Il se tut et joignit à nouveau les doigts. Fudge, qui ne parvenait pas à masquer sa fureur, lui lança un regard noir. Harry jeta un coup d’œil en biais à Dumbledore, en quête de réconfort. Il se demandait s’il avait eu raison de déclarer au Magenmagot que le moment était venu de prendre une décision. Cette fois encore, Dumbledore resta insensible aux efforts de Harry pour croiser son regard. Il continuait de fixer les juges qui s’étaient lancés dans des conversations fébriles tenues à voix basse.
Harry contempla ses chaussures. Son cœur, qui semblait avoir doublé de volume, battait à tout rompre contre ses côtes. Il avait cru que l’audience durerait plus longtemps et il n’était pas du tout certain d’avoir fait bonne impression. En fait, il n’avait pas dit grand-chose. Il aurait dû expliquer plus en détail ce qui s’était passé avec les Détraqueurs, comment il était tombé, comment Dudley et lui avaient failli recevoir le baiser de la mort…
À deux reprises, il leva les yeux vers Fudge et ouvrit la bouche pour parler mais son cœur dilaté empêchait l’air de passer dans sa gorge et, par deux fois, il dut se contenter de reprendre sa respiration et de contempler à nouveau ses chaussures.
Puis le murmure des conversations s’évanouit. Harry voulut regarder les juges, mais il s’aperçut qu’il était infiniment plus facile de conserver les yeux fixés sur ses lacets.
– Ceux qui sont partisans d’abandonner les charges contre le prévenu ? lança la voix tonitruante de Mrs Bones.
Harry redressa brusquement la tête. Des mains se levèrent, beaucoup de mains… Plus de la moitié ! Le souffle haletant, il essaya de les compter, mais avant qu’il eût terminé, Mrs Bones avait déjà demandé :
– Ceux qui sont partisans d’une condamnation ?
Fudge leva la main. Une demi-douzaine d’autres l’imitèrent. Il y avait parmi eux la sorcière assise à sa droite, le sorcier à la grosse moustache et sa voisine aux cheveux crépus.
Fudge leur jeta un coup d’œil avec l’air de quelqu’un qui a quelque chose de très gros coincé dans la gorge, puis il baissa la main. Après avoir respiré profondément deux fois de suite, il annonça, d’une voix déformée par la rage qu’il s’efforçait de contenir :
– Très bien, très bien… les charges sont abandonnées.
– Excellent, dit vivement Dumbledore en se levant d’un bond.
Il sortit sa baguette magique et fit disparaître les deux fauteuils recouverts de chintz.
– Je dois partir, maintenant. Bonne journée à tous.
Et, sans accorder un seul regard à Harry, il se hâta de quitter le cachot.
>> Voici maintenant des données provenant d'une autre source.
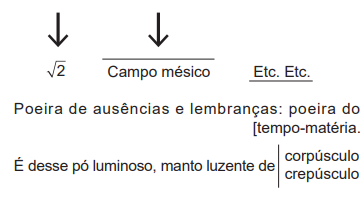 Imagem associada para 
resolução da questão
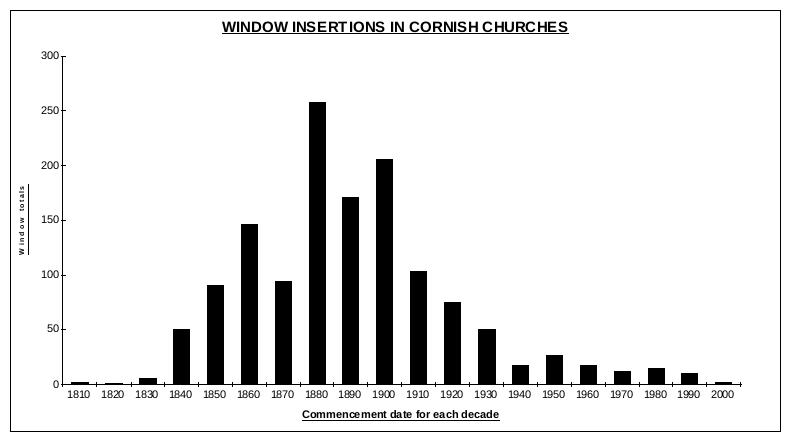 Window insertions in Cornish churches 1810–2000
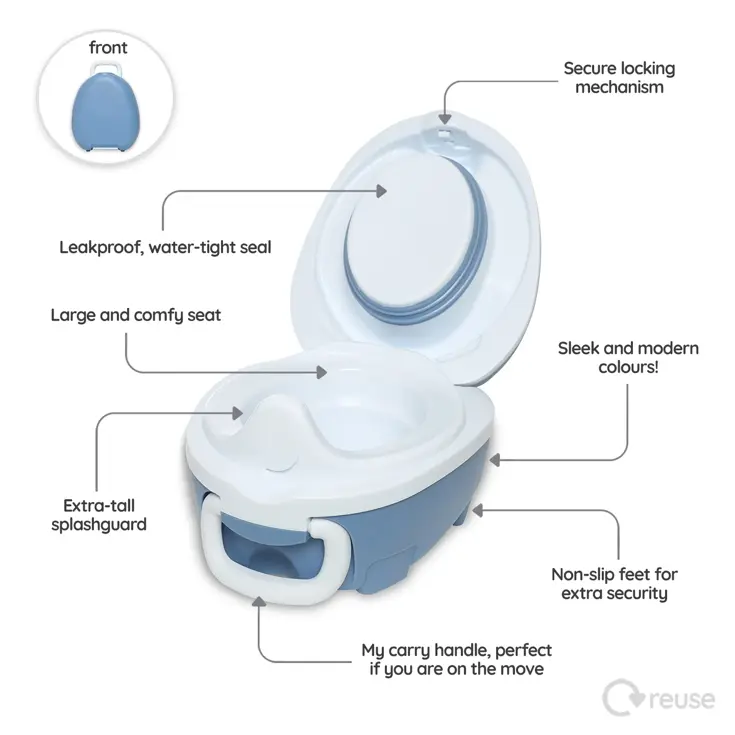 My Carry Potty - Reispotje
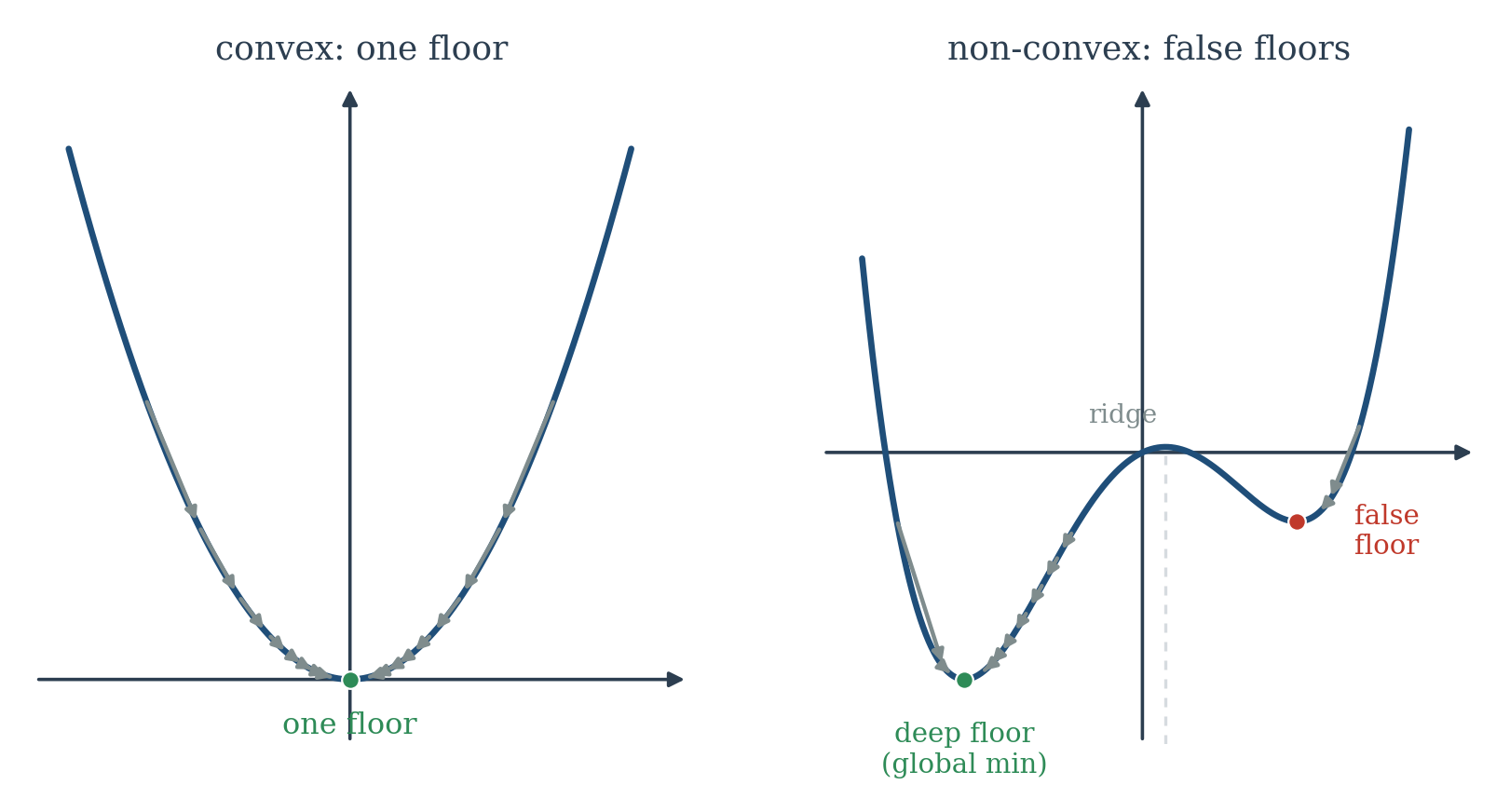 Figure 8.7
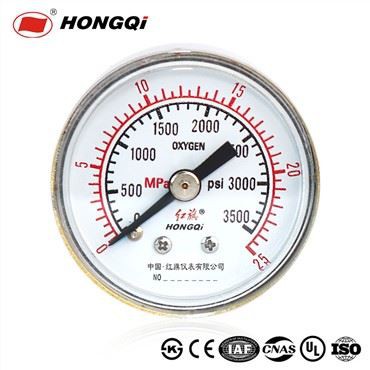 Industrial Measuring Instruments
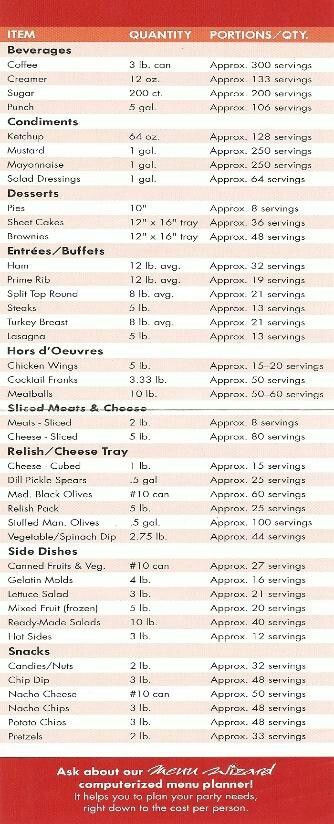 How much food chart. Gordon Foods Party Planning Food Guide, Catering For 100 People, Noon Years Eve, Party Planning Food, Buffet Setup, Games Cake, Country Wedding Theme, Party Palette, Catering Recipes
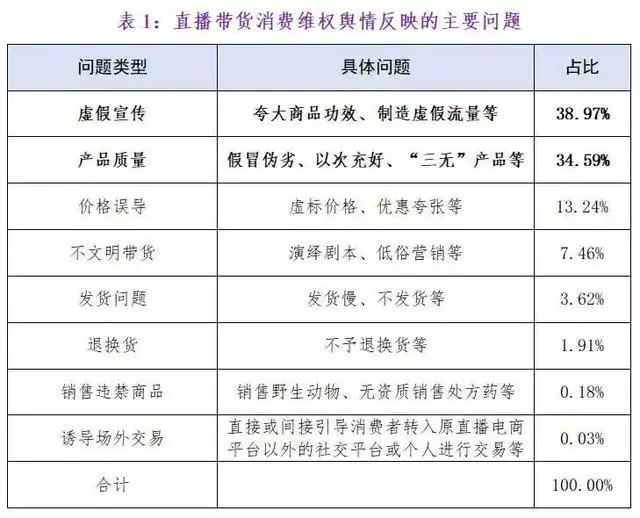 董佳琦名字的意义_佳琦直播间都有谁_李佳琦董宇辉等17名主播被点名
9. LES MALHEURS DE MRS WEASLEY
Le brusque départ de Dumbledore prit Harry complètement au dépourvu. Il resta assis dans le fauteuil aux chaînes, partagé entre le désarroi et le soulagement. Les membres du Magenmagot s’étaient levés et bavardaient en ramassant et rangeant leurs papiers. Harry se leva à son tour. Personne ne lui accordait la moindre attention, à part la sorcière-crapaud qui, après avoir si longuement regardé Dumbledore, fixait à présent les yeux sur lui. Il l’ignora et s’efforça de croiser le regard de Fudge ou de Mrs Bones pour leur demander s’il était libre de partir mais Fudge semblait décidé à faire comme s’il n’existait pas. Quant à Mrs Bones, elle paraissait très absorbée par son attaché-case. Il fit donc quelques pas timides en direction de la sortie et, voyant que personne ne le rappelait, se mit à marcher beaucoup plus vite.
Il parcourut les derniers mètres au pas de course, ouvrit la porte à la volée et faillit se cogner contre Mr Weasley qui se tenait de l’autre côté, l’air pâle et inquiet.
– Dumbledore n’a pas dit…
– Les charges sont abandonnées, annonça Harry en refermant la porte derrière lui.
Le visage rayonnant, Mr Weasley le prit par les épaules.
– Harry, c’est merveilleux ! Oh, bien sûr, il était impossible de te condamner, il n’y avait aucune preuve mais, quand même, je dois dire que je n’étais pas…
Il s’interrompit car la porte venait de se rouvrir. Les membres du Magenmagot sortaient en file indienne.
– Par la barbe de Merlin ! s’exclama Mr Weasley d’un air songeur en écartant Harry pour les laisser passer. Tu as eu droit à la cour au complet ?
– Je crois bien, répondit Harry à mi-voix.